San Elijo hosts Japanese American internees

This year marks the 75th anniversary of President Franklin D. Roosevelt’s 1942 Executive Order 9066, effectively incarcerating all people of Japanese descent following the attacks on Pearl Harbor. Last Thursday, in remembrance of this shameful chapter in our history, the San Elijo campus had the privilege of hosting Mas and Grace Tsuida– a married couple native to San Diego who met inside the relocation camps after being forced there.

Grace was born in El Cajon, where she spent her life on her parents’ tomato farm. She attended El Cajon Elementary School until the eighth grade and then moved on to attend Grossmont High School. During her sophomore year of high school in 1942, President Roosevelt signed executive order 9066, resulting in her expulsion from Grossmont High, and her family’s imprisonment at the Colorado River Relocation Center near Poston, Ariz.

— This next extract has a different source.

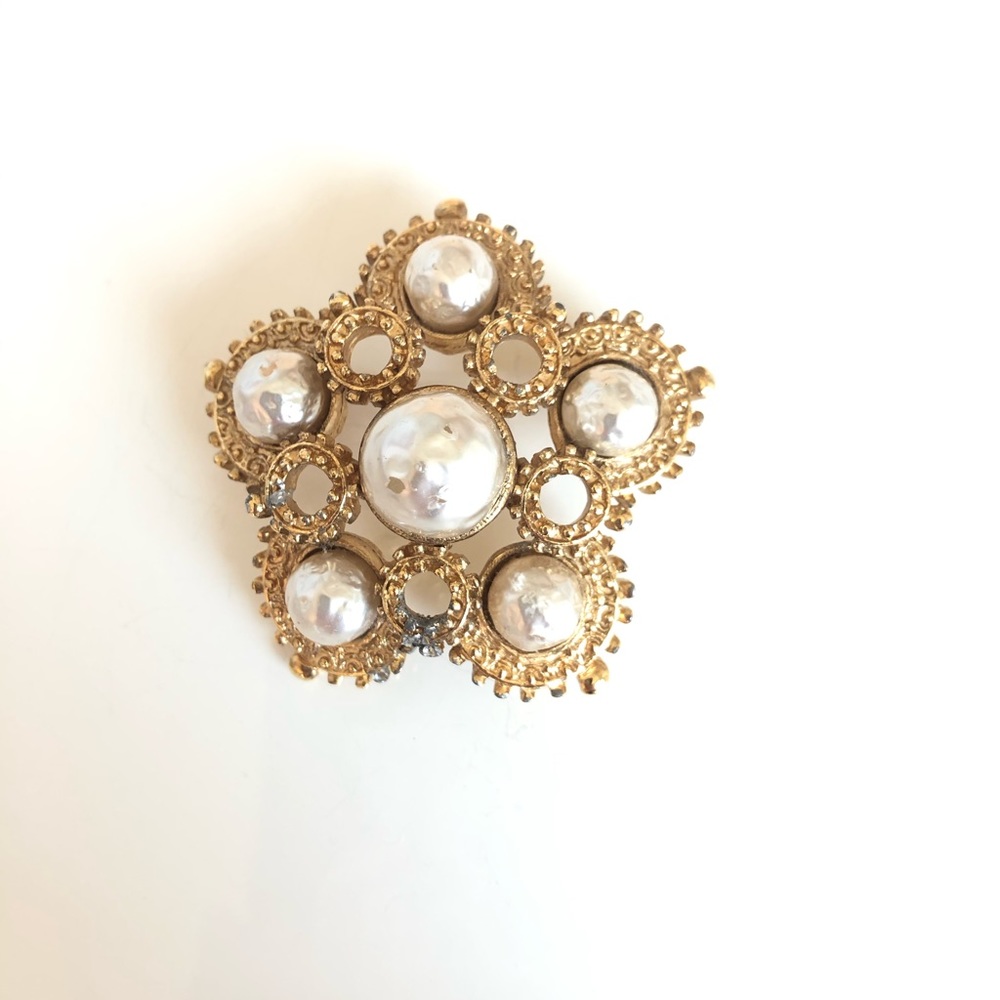 V I N T A G E G O L D & P E A R L B R O O C H - image 3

“We were all in tears.” stated Tsuida when explaining what it was like to leave her entire life behind.

Before taken to the camps, however, her family, along with thousands more were held at Santa Anita to live in horse stables for four months while the camp was built. Once completed, the prisoners were taken to Poston through busses and trains. And just like that, they were imprisoned by their own government.

Their life in Poston was radically different than the one they lived in El Cajon.

“It was hot, and dusty and windy,” explained Tsuida, “And scorpions, we had scorpions.”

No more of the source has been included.